In [None]:
!pip install transformers
!pip install tqdm
!pip install nltk

## Longformer Text Summarization

In [None]:
import json
from transformers import LongformerTokenizer, EncoderDecoderModel

from tqdm.notebook import tqdm, trange

import sys
sys.path.append(".")
sys.path.append("..") # Adds higher directory to python modules path.
from eval.eval import ClickbaitResolverEvaluator

In [None]:
ENTRY_SETS = ['train', 'dev']
DATA_PATH = "../data/"
RESULT_PATH = "../data/baseline_results/longformer_summary/"

In [None]:
device = "cuda:0" if torch.cuda.is_available() else "cpu"

# Load model and tokenizer
model = EncoderDecoderModel.from_pretrained("patrickvonplaten/longformer2roberta-cnn_dailymail-fp16")
tokenizer = LongformerTokenizer.from_pretrained("allenai/longformer-base-4096")

model     = model.to(device)

In [None]:
def compute_longformer_summary(entries, name):
    results = []
    for entry in tqdm(entries, desc=name):
        text = entry["text"]
        if text[0] == ".":
            text = text[1:].strip()
        if len(text) > 4096:
            text = text[:4095]
            
        # Tokenize and summarize
        inputs = tokenizer(text, return_tensors="pt").to(device)
        #input_ids = inputs.input_ids
        output_ids = model.generate(inputs.input_ids)

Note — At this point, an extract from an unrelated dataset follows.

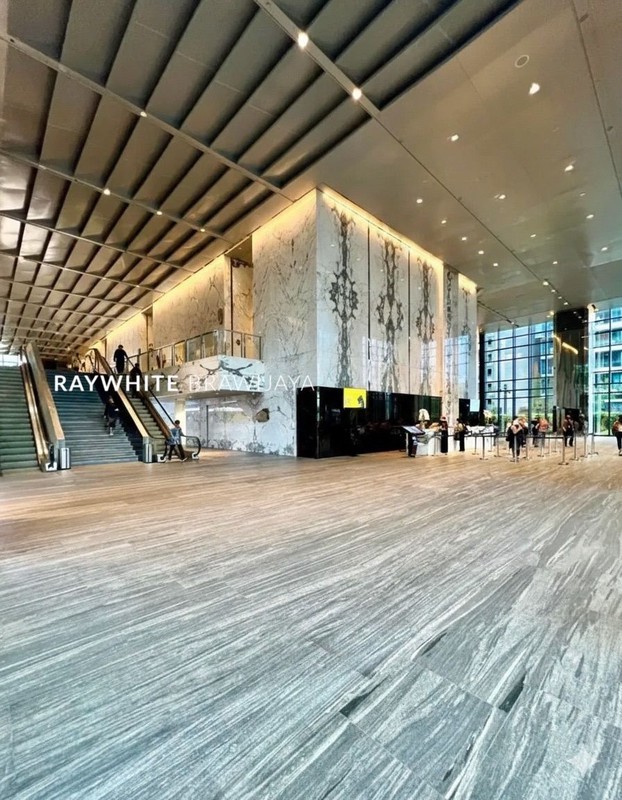 2 Unit Office Prosperity Tower (District 8, SCBD)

        # Get the summary from the output tokens
        answer = tokenizer.decode(output_ids[0], skip_special_tokens=True)
        answer = answer.replace("\n", " ")

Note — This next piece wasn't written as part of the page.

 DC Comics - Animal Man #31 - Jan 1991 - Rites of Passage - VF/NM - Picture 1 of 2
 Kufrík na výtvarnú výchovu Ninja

        question = entry["title"]

        if answer == "":
            answer = '-'

        #print(f"{question} -> {answer}")
        results.append({"id": entry["id"], "answer": answer})
    return results

In [None]:
os.makedirs(RESULT_PATH, exist_ok=True)

for s in ENTRY_SETS:
    with open(f"{DATA_PATH}final_{s}.json", "r") as entry_file:
        results = compute_longformer_summary(json.load(entry_file), s)
        
    with open(f"{RESULT_PATH}{s}.json", "w") as result_file:
        json.dump(results, result_file, indent=2, ensure_ascii=False)

In [None]:
evaluator = ClickbaitResolverEvaluator()

for s in ENTRY_SETS:
    agg_results, results = evaluator.run_file(f"{RESULT_PATH}{s}.json", f"{DATA_PATH}final_{s}.json")
    evaluator.print_results(agg_results, results, False)